この恋、負けられへんな。密かに心に決めた。
「OK!今日正門な!」
れるは暇やから今日も正門で待つことにした。退屈な授業は終わり、正門へ
向かう。また用事があるとか言ってるけど…。まぁ、一時間待つか。
一時間経っても#名前#は来なかった。だかられるは学校へ入る。学校中を探し、
あとは屋上。れるは屋上へと続く階段を登る。重い扉を開ける。そこには足が
見える。そっと近づく。そこには傷だらけの#名前#が居る。れるは起こす。
「#名前#っ!」
れるは心配で、守れない自分に腹がたった。
「一星先輩?待っててくれたんですね…ニコッ」
こんな時も無理してまで笑う#名前#に心で説教しながらしゃがむ。
「え?」
立ったままの#名前#に
「送ってくから、乗りや!」
そう声をかける。
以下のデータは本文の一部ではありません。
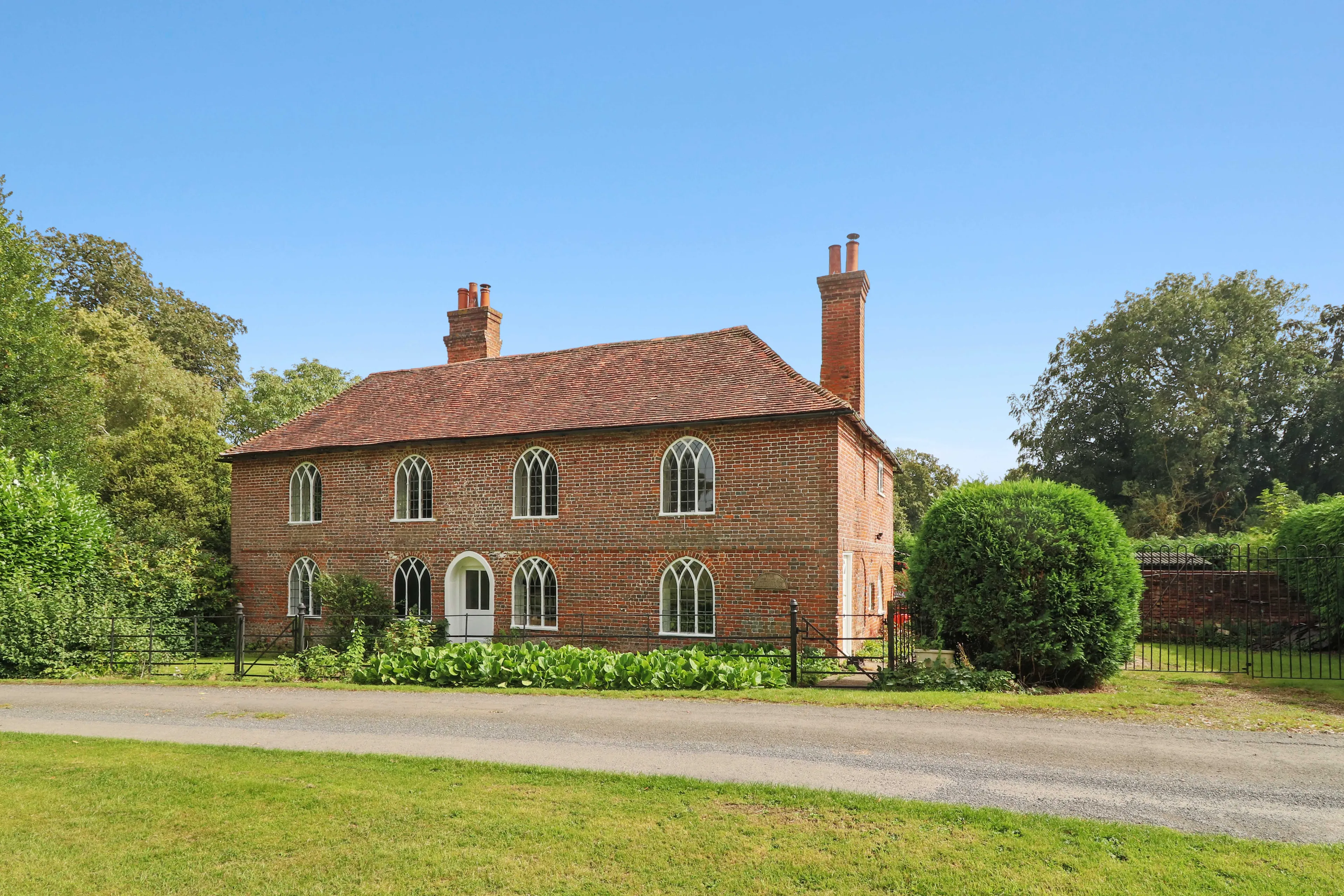 https://mr1.homeflow-assets.co.uk/files/media/image/0000/0000/19877977e8ef05c6b0c6505e448d809e/Bishopsbourne.jpg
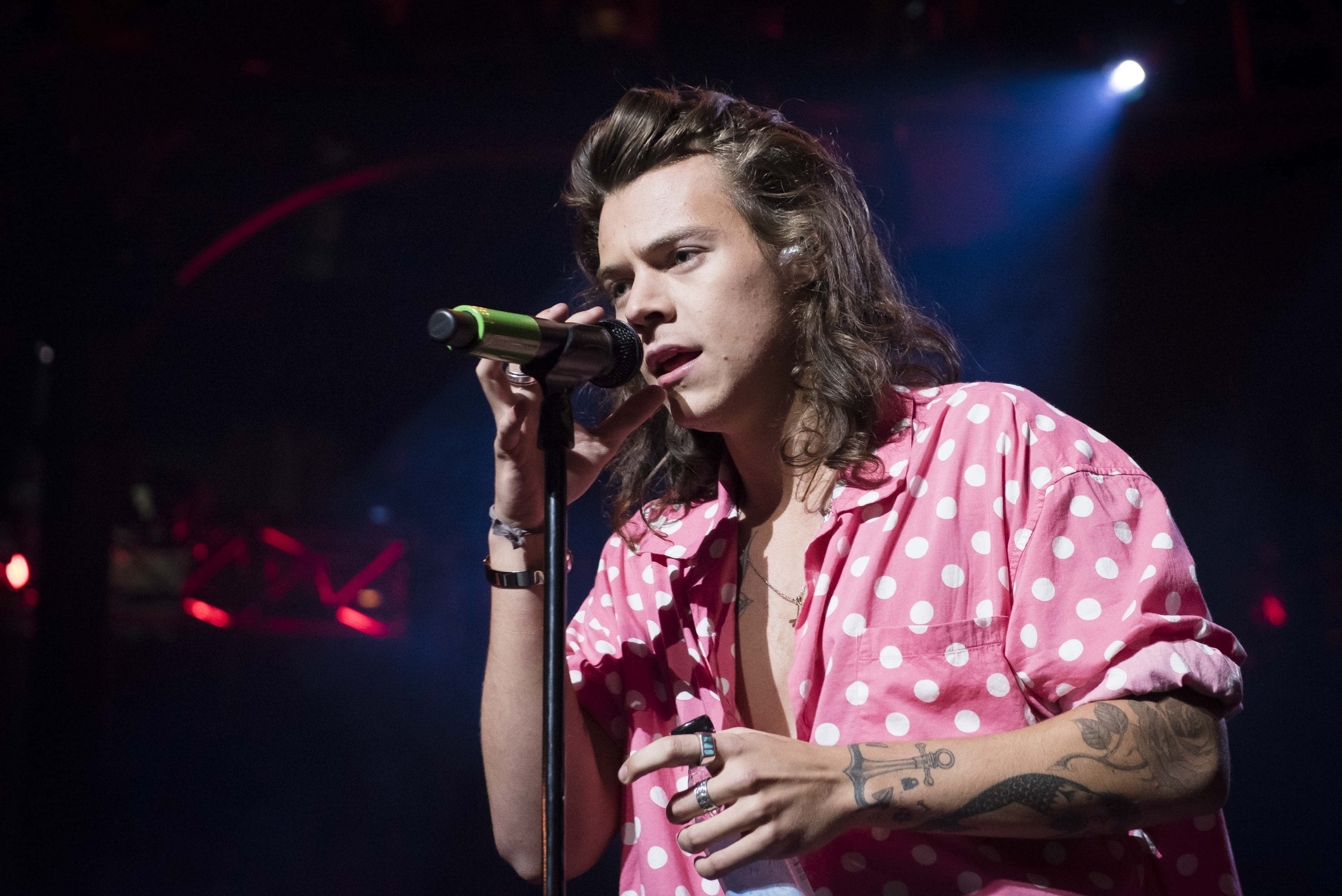 Review: Harry Styles’ Debut Single, Sign Of The Times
#名前#は戸惑いつつ
「失礼します…。」
って乗る。れるは立ち上がる。まず思ったことが軽い。高1の体重ってこんぐらい
なん?れるがおかしいんか?
「なぁ、」
れるは声を掛ける。
「家帰ってからでいいから、」
れるは思うことを口にする。
「傷だらけの理由、教えてや。」
れるはそっと自分の家に招き入れる。家族は昨日夜逃げした。れるは見た目的な
理由で置いていかれたけどまぁ、招き入れることがしやすいからいい。
「私は虐めに遭っていて…。」
家のソファに座り顔を下に向け話す。
「理由は一星先輩と仲がいいから。それだけなんです。」
れるはこんなことも知らなかった。
「だからLINEも消したんです。自分が傷だらけになりたくなかっただけなんです。
自分勝手ですよね…。」
込み上げる涙を押し殺すように下を向き制服のスカートをギュッと掴む。れるは
思わずそっと抱きしめる。
「え?」
と抜けた声が出る#名前#に
「泣いて良いんだよ…。」
れるは抱きしめたまま言う。
「ヒグッ……。」
涙を溢しながら#名前#は抱きしめ返してくれる。そのままれる達は眠りについた。